- _What is expected_
Every line of the data below that holds the string "Average" needs to be reported.

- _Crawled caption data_
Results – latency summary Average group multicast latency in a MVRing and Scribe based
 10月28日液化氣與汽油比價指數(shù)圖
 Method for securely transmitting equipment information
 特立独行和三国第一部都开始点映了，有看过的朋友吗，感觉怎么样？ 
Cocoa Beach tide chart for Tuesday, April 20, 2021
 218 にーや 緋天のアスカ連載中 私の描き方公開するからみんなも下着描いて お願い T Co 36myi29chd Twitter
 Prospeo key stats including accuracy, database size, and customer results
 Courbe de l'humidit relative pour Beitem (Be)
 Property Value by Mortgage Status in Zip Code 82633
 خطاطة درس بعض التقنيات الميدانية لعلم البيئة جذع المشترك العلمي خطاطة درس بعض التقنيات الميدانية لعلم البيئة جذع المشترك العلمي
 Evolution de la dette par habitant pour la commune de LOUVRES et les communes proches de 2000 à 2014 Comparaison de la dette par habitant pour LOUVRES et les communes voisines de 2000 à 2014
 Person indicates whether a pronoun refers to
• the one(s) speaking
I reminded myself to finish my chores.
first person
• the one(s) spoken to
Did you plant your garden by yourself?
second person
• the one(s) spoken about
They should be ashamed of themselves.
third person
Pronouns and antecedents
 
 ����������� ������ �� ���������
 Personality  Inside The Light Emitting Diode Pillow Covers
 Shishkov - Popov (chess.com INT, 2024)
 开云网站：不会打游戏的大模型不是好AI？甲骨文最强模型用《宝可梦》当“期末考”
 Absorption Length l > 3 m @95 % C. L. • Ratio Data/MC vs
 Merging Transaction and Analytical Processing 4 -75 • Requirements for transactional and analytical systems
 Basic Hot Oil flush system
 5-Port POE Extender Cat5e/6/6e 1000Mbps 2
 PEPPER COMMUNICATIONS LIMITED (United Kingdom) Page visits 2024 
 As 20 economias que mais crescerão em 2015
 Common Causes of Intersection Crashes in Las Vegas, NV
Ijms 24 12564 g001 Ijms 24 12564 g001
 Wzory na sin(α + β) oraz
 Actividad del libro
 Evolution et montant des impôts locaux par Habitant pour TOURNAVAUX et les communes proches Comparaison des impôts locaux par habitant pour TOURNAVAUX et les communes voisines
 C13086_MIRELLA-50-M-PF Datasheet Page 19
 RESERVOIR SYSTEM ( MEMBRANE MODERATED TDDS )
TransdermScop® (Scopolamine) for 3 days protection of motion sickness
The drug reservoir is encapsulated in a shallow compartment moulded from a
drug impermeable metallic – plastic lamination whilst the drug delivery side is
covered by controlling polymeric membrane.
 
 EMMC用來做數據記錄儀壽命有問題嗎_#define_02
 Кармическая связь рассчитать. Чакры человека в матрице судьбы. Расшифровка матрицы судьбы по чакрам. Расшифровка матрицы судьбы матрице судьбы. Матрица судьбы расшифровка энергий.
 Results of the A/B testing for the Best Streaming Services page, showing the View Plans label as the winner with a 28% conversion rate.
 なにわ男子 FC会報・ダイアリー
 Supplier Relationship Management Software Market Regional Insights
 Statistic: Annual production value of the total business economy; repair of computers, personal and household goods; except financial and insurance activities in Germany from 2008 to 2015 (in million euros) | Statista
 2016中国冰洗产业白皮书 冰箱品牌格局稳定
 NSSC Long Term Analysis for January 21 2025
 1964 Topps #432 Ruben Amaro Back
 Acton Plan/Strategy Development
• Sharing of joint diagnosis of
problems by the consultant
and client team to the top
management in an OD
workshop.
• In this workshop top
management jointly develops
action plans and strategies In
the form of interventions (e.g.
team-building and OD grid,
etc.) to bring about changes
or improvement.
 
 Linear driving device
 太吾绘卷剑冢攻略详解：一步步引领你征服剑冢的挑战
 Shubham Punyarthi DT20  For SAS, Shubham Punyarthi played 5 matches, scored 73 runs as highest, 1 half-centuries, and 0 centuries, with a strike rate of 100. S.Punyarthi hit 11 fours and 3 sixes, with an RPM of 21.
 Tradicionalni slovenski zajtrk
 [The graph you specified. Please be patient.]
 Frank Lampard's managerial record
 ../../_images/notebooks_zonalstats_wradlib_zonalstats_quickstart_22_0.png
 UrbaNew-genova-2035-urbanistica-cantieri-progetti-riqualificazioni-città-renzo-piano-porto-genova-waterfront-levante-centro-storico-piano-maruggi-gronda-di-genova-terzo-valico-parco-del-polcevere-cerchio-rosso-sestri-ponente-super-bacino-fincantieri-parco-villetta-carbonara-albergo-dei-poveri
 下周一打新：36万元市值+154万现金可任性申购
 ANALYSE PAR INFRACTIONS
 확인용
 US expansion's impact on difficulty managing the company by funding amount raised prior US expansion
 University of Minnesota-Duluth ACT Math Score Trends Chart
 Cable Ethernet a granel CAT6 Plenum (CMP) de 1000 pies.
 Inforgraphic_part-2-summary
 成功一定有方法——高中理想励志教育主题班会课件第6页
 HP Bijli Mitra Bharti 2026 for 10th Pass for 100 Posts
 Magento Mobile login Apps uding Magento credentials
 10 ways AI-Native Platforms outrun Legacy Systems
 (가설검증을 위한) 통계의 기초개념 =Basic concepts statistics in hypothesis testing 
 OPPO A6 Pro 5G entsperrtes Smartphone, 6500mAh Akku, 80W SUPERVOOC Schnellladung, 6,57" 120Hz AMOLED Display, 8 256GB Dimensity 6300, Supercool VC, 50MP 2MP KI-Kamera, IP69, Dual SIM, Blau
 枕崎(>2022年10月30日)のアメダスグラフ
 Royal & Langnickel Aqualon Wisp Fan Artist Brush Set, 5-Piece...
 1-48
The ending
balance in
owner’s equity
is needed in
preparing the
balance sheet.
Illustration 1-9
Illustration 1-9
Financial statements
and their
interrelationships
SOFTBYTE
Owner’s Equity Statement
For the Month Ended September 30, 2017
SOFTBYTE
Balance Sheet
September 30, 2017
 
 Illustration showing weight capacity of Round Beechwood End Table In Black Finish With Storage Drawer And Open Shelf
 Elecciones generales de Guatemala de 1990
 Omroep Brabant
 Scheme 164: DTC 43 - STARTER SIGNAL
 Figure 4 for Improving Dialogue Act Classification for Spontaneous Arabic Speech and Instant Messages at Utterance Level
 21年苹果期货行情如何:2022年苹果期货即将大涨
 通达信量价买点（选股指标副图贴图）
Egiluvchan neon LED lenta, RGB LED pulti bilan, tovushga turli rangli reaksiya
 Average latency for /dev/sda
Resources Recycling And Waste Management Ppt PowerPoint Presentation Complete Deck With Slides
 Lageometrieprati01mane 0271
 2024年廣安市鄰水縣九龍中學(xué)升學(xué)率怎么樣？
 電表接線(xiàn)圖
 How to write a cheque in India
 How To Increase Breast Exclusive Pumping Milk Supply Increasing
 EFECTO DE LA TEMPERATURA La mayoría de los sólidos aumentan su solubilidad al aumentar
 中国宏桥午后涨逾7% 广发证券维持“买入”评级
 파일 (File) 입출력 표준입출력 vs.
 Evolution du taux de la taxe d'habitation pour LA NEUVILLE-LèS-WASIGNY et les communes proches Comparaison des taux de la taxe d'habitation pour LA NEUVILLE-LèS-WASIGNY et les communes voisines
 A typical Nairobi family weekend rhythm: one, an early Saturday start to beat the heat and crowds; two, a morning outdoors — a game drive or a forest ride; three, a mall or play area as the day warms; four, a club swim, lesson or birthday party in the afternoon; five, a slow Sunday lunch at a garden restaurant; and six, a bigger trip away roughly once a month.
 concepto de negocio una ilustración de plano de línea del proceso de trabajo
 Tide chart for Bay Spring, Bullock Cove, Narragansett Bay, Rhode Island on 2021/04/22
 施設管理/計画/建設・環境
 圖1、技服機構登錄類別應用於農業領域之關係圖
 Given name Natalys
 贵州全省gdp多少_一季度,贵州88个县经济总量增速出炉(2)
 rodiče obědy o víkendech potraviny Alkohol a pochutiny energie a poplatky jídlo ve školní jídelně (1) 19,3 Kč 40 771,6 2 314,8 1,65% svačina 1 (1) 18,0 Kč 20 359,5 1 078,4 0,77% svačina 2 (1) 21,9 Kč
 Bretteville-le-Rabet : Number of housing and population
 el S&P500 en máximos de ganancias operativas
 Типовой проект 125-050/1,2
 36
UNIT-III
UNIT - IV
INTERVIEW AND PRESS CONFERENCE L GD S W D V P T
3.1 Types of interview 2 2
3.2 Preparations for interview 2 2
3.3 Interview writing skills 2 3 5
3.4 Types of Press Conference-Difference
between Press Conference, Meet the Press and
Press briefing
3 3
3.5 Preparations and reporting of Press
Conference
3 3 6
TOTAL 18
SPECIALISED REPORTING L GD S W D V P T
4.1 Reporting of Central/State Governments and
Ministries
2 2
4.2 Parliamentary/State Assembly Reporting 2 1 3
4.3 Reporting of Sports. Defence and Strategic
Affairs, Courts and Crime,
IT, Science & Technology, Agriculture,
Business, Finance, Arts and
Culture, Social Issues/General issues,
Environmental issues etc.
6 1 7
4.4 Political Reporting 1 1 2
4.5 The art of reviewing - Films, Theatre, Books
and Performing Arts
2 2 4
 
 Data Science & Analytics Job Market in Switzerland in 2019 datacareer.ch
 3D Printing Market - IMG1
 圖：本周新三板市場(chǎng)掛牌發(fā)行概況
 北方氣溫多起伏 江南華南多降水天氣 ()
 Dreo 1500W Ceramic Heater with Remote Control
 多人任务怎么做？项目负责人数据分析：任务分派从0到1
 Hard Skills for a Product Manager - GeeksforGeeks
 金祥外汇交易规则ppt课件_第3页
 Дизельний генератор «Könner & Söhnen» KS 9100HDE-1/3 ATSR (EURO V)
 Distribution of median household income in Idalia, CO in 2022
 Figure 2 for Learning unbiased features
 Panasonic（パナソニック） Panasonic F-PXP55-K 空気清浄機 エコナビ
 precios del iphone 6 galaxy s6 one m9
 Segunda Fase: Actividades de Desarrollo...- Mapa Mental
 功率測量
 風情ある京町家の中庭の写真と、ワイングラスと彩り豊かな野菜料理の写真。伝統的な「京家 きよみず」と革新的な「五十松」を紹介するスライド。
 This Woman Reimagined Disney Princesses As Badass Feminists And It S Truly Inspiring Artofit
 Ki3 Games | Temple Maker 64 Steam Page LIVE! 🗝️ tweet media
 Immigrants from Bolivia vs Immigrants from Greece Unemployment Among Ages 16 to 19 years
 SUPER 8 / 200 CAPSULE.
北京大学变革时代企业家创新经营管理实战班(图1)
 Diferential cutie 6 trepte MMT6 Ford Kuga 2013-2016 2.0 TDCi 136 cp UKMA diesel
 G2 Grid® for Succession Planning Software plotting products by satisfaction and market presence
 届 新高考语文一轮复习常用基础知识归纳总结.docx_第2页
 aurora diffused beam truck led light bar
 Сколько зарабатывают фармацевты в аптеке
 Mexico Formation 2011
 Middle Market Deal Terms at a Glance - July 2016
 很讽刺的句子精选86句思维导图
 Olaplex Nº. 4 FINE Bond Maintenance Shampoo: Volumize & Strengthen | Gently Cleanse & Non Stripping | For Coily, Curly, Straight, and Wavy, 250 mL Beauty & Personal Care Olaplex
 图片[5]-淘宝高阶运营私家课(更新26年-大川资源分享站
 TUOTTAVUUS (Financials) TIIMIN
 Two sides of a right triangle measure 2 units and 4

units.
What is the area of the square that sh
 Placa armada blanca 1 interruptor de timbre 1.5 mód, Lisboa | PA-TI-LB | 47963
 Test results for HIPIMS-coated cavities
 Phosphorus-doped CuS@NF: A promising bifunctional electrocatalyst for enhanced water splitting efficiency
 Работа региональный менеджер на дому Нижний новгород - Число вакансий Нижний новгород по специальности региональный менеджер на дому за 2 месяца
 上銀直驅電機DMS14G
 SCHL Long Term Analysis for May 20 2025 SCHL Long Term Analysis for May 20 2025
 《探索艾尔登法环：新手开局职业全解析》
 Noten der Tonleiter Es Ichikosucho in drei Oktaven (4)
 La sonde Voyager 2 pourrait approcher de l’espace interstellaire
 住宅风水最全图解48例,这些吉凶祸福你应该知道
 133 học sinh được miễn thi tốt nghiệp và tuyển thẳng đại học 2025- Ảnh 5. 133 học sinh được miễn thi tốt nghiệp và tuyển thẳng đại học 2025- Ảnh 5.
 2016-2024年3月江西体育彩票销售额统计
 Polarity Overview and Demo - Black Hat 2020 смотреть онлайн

- _Output of the exercise_
Results – latency summary Average group multicast latency in a MVRing and Scribe based
 Average latency for /dev/sda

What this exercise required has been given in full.